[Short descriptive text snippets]
________________________

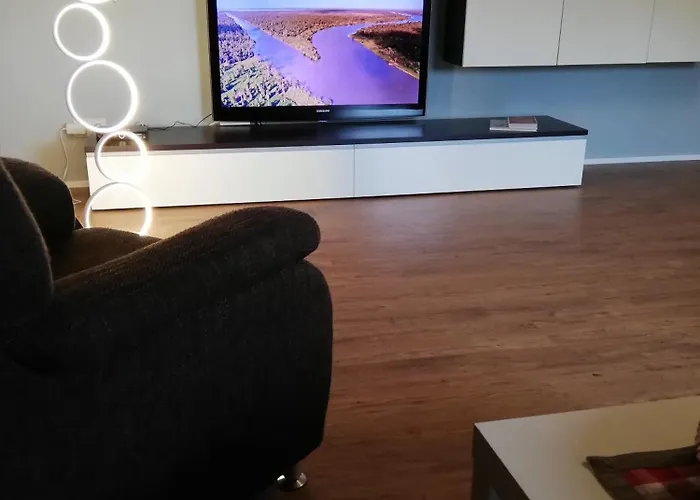 Apartment Am Lindenbaum, In Am Nürburgring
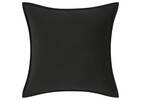 Medford Pillow 20x20 Black/Ivory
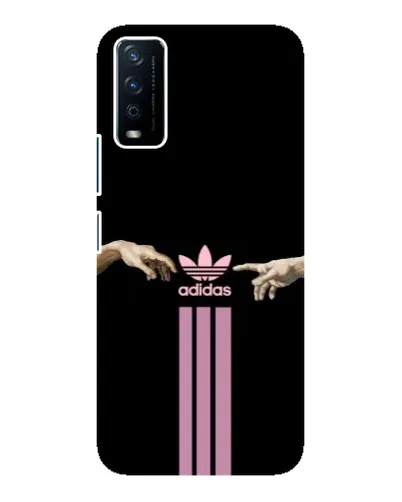 Чехол для Vivo Y12s с картинкой «Adidas Hands» Чехол для Vivo Y12s с картинкой «Adidas Hands»
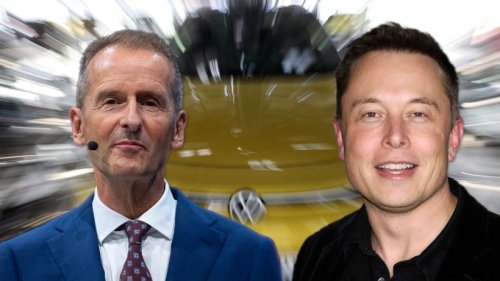 VW ist Tesla dicht auf den Fersen – HIER liegen sie aber noch hinten
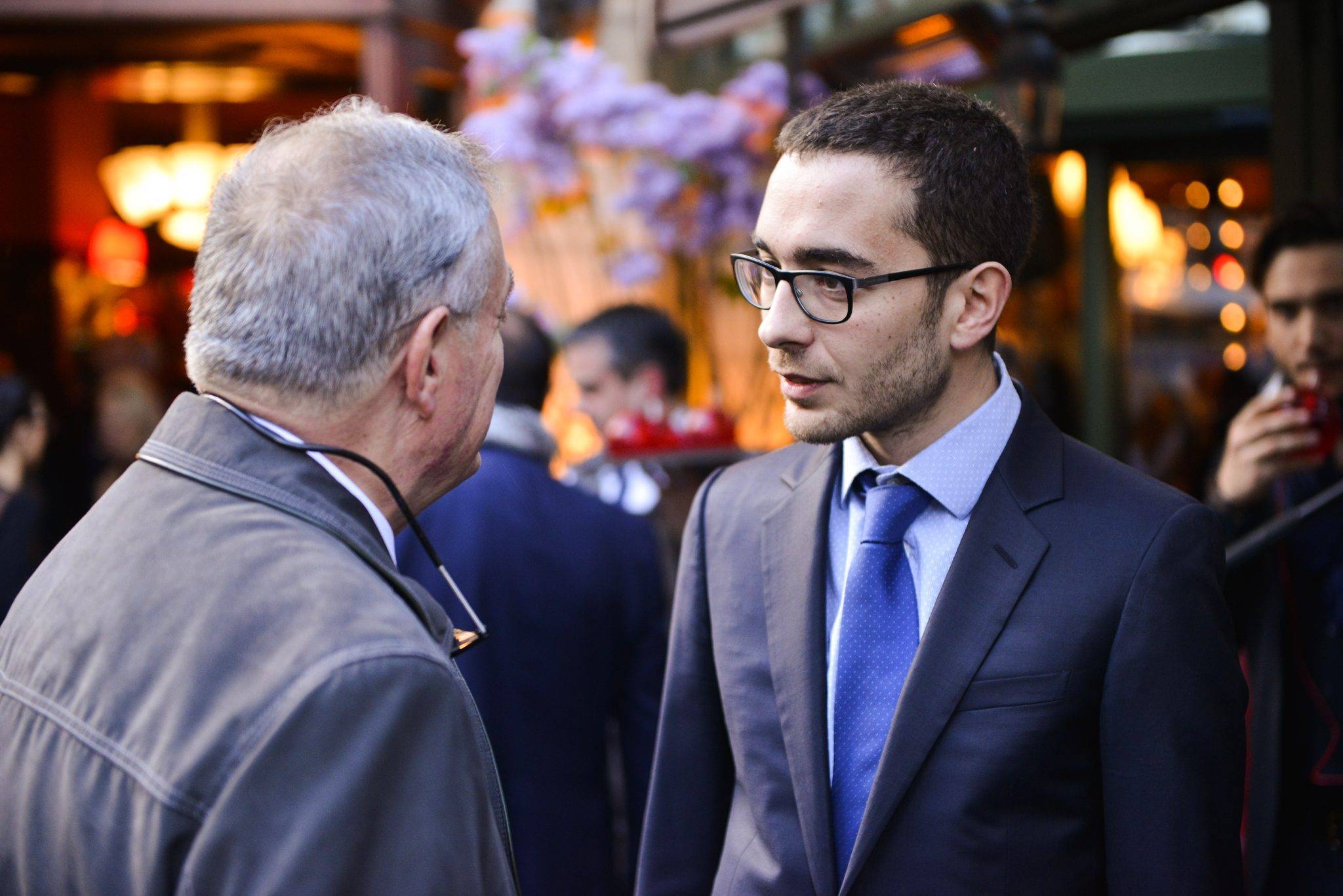  - Soirée du Prix de la Closerie Des Lilas 2016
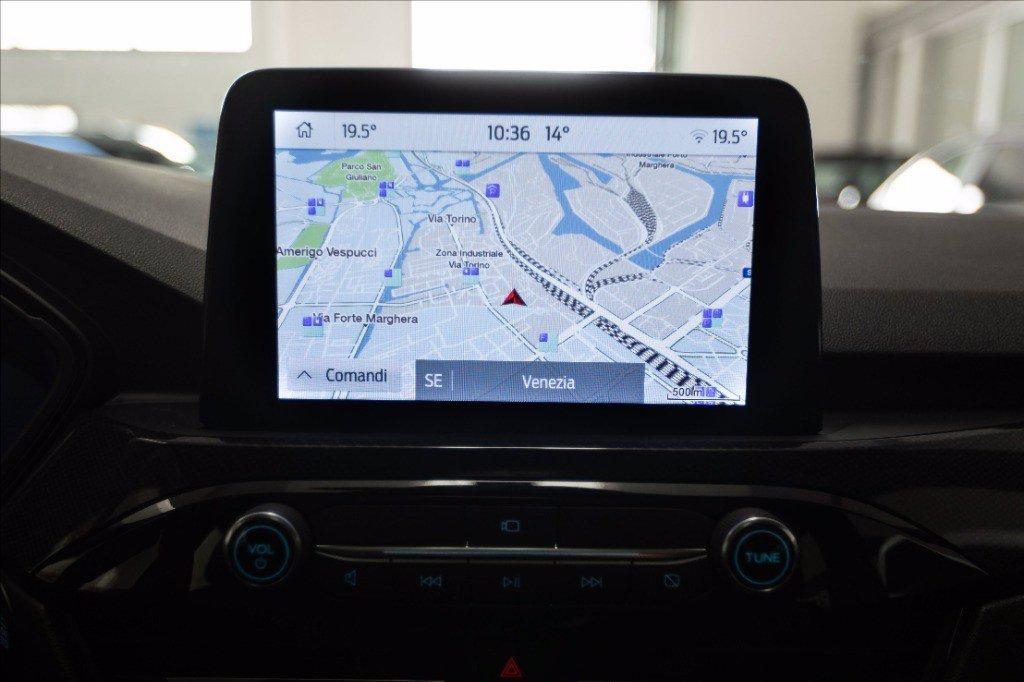 FORD Kuga 2.5 phev ST-Line 2wd 225cv cvt del 2023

________________________

-- About this task --
Pictures are to be left out; the records above must be repeated word for word.

-- Exercise answer --
 Apartment Am Lindenbaum, In Am Nürburgring
 Medford Pillow 20x20 Black/Ivory
 Чехол для Vivo Y12s с картинкой «Adidas Hands» Чехол для Vivo Y12s с картинкой «Adidas Hands»
 VW ist Tesla dicht auf den Fersen – HIER liegen sie aber noch hinten
  - Soirée du Prix de la Closerie Des Lilas 2016
 FORD Kuga 2.5 phev ST-Line 2wd 225cv cvt del 2023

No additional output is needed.